This repository provides infrastructure as code, sample data and demo code to show how PowerShell can move data around. It is intended to show the strengths and possibilities of PowerShell as an ETL tool.
The code is based on some of my customer projects, but has been greatly simplified and standardized in some places. This repository is intended to help you set up an initial proof of concept. However, the code is not suitable for direct productive use.
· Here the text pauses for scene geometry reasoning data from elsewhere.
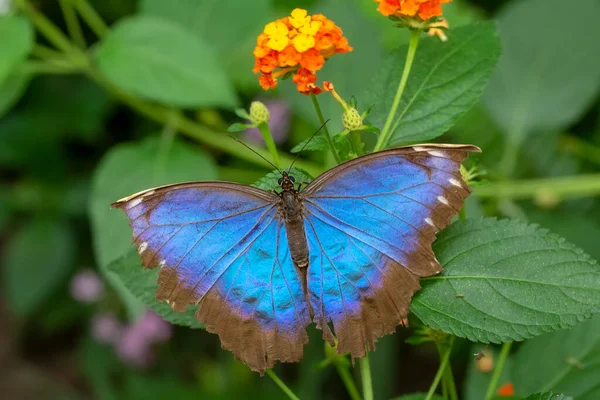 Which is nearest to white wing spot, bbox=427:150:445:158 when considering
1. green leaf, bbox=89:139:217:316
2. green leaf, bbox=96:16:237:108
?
green leaf, bbox=96:16:237:108

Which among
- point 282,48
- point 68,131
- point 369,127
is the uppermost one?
point 68,131

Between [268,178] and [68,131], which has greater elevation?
[68,131]

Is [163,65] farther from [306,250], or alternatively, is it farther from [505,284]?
[505,284]

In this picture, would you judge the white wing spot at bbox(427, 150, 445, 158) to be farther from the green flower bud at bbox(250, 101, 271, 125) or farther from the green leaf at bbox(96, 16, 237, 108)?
the green leaf at bbox(96, 16, 237, 108)

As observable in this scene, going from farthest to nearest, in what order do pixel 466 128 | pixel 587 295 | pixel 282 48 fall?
1. pixel 466 128
2. pixel 282 48
3. pixel 587 295

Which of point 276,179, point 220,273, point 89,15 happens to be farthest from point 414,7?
point 89,15

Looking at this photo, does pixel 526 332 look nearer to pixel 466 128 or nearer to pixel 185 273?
pixel 185 273

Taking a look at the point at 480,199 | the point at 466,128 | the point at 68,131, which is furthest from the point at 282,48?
the point at 68,131

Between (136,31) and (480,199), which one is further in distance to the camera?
(480,199) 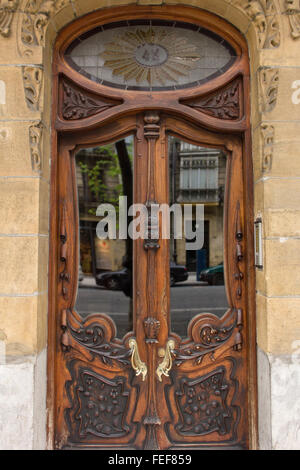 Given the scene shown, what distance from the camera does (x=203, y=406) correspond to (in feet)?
12.2

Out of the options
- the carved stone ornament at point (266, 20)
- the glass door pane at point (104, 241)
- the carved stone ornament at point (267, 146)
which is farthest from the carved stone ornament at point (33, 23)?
the carved stone ornament at point (267, 146)

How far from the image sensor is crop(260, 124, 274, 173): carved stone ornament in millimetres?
3467

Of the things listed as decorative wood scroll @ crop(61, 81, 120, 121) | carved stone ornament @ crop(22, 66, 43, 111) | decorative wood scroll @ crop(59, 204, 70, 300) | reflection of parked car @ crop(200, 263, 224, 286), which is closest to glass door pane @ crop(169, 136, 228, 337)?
reflection of parked car @ crop(200, 263, 224, 286)

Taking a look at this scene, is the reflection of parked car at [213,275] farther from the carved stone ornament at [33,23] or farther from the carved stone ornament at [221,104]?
the carved stone ornament at [33,23]

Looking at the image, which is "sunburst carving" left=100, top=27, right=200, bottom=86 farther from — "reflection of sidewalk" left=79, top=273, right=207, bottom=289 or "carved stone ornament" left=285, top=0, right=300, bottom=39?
"reflection of sidewalk" left=79, top=273, right=207, bottom=289

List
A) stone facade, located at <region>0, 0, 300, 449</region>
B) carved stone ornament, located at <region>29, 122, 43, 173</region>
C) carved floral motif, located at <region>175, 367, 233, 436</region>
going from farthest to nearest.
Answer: carved floral motif, located at <region>175, 367, 233, 436</region> < carved stone ornament, located at <region>29, 122, 43, 173</region> < stone facade, located at <region>0, 0, 300, 449</region>

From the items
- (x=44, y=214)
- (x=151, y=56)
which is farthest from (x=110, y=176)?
(x=151, y=56)

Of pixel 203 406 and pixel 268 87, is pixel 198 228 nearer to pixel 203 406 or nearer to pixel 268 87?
pixel 268 87

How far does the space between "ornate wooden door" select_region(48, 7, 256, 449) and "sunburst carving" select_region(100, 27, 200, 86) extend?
1 cm

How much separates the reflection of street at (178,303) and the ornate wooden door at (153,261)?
0.05ft

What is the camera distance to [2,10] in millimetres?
3465

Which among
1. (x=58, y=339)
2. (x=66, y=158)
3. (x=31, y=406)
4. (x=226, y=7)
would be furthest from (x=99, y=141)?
(x=31, y=406)

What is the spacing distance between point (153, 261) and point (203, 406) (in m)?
1.57

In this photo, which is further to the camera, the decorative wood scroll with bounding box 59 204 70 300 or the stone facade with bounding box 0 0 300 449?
the decorative wood scroll with bounding box 59 204 70 300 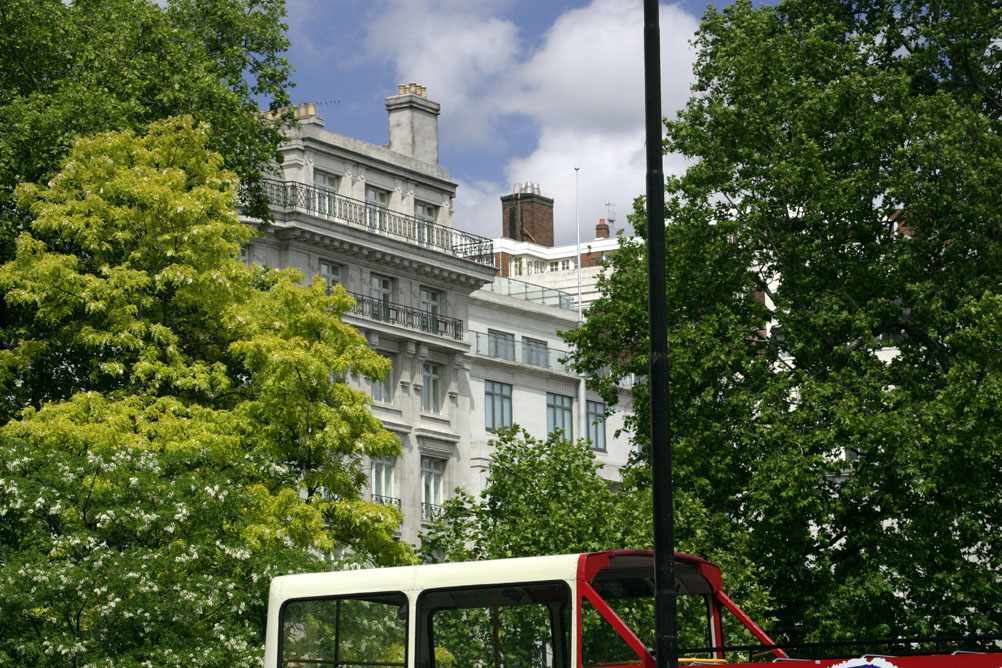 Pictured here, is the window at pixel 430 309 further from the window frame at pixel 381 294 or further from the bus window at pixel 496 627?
the bus window at pixel 496 627

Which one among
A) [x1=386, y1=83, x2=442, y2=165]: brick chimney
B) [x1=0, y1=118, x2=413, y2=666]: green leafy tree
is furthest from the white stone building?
[x1=0, y1=118, x2=413, y2=666]: green leafy tree

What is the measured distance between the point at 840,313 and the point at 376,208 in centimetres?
3406

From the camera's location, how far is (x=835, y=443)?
116ft

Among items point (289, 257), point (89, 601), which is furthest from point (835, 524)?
point (289, 257)

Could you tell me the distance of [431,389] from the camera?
229 ft

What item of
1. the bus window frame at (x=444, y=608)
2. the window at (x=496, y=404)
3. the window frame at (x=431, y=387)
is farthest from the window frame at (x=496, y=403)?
the bus window frame at (x=444, y=608)

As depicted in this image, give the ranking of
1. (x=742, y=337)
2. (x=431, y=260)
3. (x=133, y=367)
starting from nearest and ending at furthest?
(x=133, y=367) → (x=742, y=337) → (x=431, y=260)

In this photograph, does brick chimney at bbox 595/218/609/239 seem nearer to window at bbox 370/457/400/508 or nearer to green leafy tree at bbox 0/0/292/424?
window at bbox 370/457/400/508

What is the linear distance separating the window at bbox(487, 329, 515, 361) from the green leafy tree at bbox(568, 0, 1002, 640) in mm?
31749

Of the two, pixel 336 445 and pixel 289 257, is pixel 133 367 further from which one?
pixel 289 257

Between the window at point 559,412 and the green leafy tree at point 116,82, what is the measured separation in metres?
36.5

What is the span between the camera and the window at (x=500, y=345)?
73938 mm

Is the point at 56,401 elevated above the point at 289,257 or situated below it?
below

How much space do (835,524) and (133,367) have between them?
1558 centimetres
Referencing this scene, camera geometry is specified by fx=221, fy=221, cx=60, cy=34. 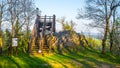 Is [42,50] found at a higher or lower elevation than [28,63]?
higher

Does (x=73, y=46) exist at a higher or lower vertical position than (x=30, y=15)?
lower

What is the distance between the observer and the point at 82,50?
2856cm

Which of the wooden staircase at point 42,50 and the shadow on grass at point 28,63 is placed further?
the wooden staircase at point 42,50

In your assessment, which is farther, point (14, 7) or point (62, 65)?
point (14, 7)

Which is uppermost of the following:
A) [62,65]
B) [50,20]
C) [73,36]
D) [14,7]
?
[14,7]

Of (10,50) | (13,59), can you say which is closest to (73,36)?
(10,50)

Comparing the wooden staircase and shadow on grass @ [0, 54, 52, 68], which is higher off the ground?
the wooden staircase

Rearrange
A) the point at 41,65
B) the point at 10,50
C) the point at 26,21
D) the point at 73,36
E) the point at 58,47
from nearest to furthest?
1. the point at 41,65
2. the point at 10,50
3. the point at 58,47
4. the point at 73,36
5. the point at 26,21

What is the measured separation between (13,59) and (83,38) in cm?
1432

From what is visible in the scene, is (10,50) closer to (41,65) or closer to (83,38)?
(41,65)

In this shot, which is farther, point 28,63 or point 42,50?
point 42,50

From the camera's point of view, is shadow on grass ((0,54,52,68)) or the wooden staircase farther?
the wooden staircase

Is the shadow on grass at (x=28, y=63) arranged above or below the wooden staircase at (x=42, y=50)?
below

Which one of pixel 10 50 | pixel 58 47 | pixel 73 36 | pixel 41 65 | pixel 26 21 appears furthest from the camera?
pixel 26 21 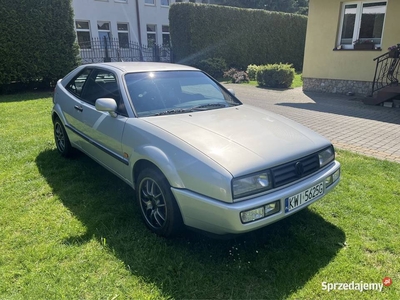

If you would like assistance with productive use, please contact me.
- Microsoft SQL Server
- Oracle database
- PostgreSQL
- MongoDB
- MinIO
- Microsoft Excel
- JSON files
- XML files
- GPX files
- JPEG files
Some functionality can be used (and some can be changed to work) with Windows PowerShell 5.1, but most of the code is targeted at PowerShell 7 and tested with the current version PowerShell 7.5.1.
The code is both tested on Windows 11 and an Ubuntu WSL2.
- Setup: Excel files will be created from sample data
- Excel files will be imported into SQL Server database
- Excel file will be created with data from SQL Server database
This scenario can be run with both PowerShell 5.1 and PowerShell 7.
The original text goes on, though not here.